WORK ITEM – Where a picture appears in the data below, exclude it; restate everything else word for word.
── INFORMATION PROVIDED
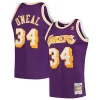 Versatile Shaquille O'Neal Los Angeles Lakers Hardwood Classics Swingman Jersey Purple/Royal/Gold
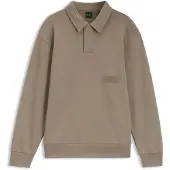BOSS Relaxed fit polosweatshirt i fransk frotté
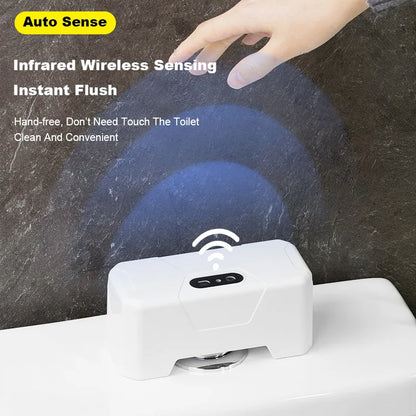 Smart Home Kit: Automatic Toilet Flush Button with External Infrared Flush Sensor | Induction Toilet Flusher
────
WRITTEN RESPONSE –
 Versatile Shaquille O'Neal Los Angeles Lakers Hardwood Classics Swingman Jersey Purple/Royal/Gold
BOSS Relaxed fit polosweatshirt i fransk frotté
 Smart Home Kit: Automatic Toilet Flush Button with External Infrared Flush Sensor | Induction Toilet Flusher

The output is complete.